**Task prompt**
Check every line of the material below for the string "Black", and return the ones that have it.

**Data for review**
======

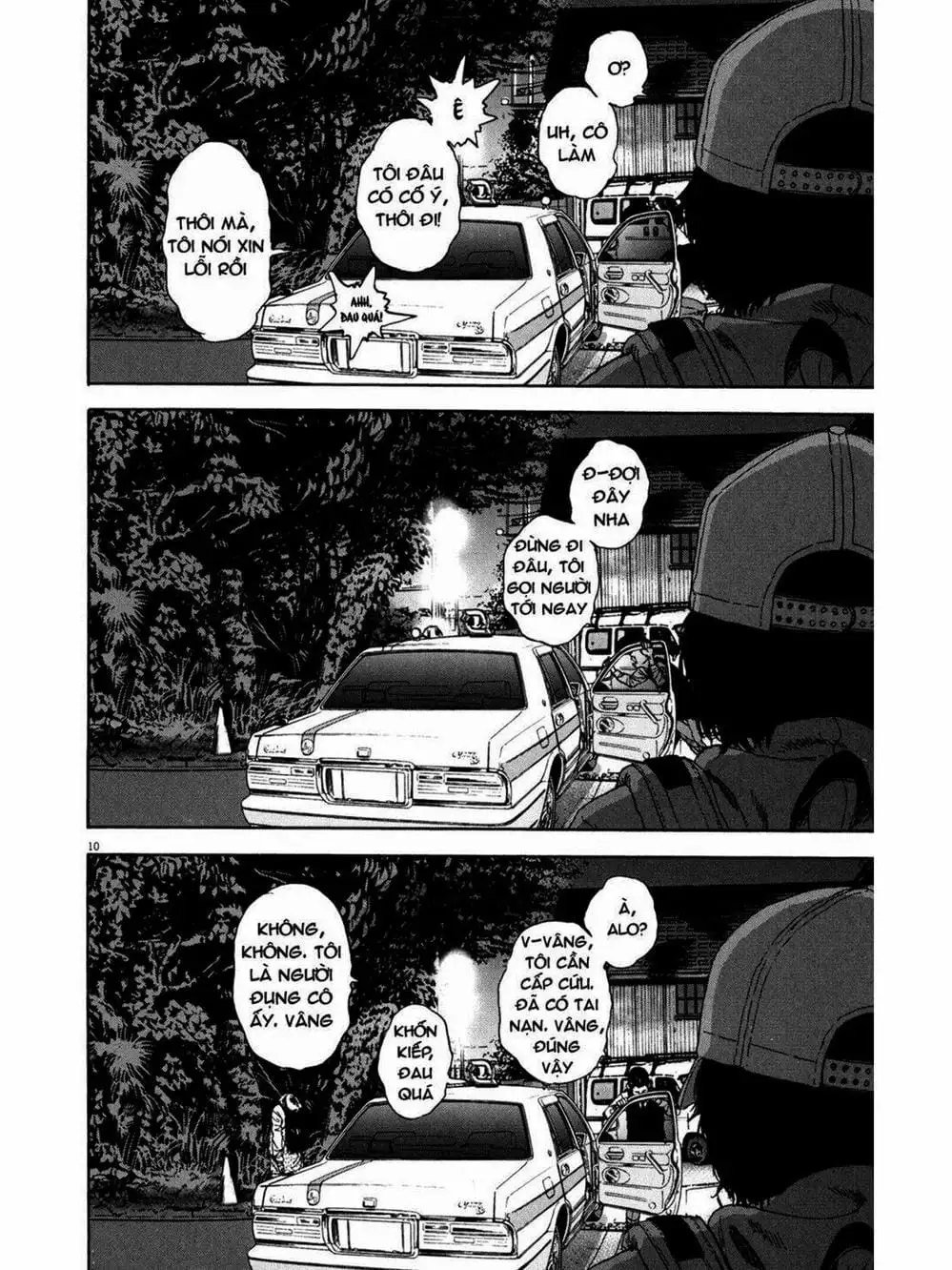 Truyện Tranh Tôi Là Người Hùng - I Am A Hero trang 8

======

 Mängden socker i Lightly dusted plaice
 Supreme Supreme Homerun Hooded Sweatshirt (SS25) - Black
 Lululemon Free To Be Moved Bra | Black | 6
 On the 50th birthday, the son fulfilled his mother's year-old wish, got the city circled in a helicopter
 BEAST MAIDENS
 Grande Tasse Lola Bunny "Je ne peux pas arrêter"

======

**Problem solution**
 Supreme Supreme Homerun Hooded Sweatshirt (SS25) - Black
 Lululemon Free To Be Moved Bra | Black | 6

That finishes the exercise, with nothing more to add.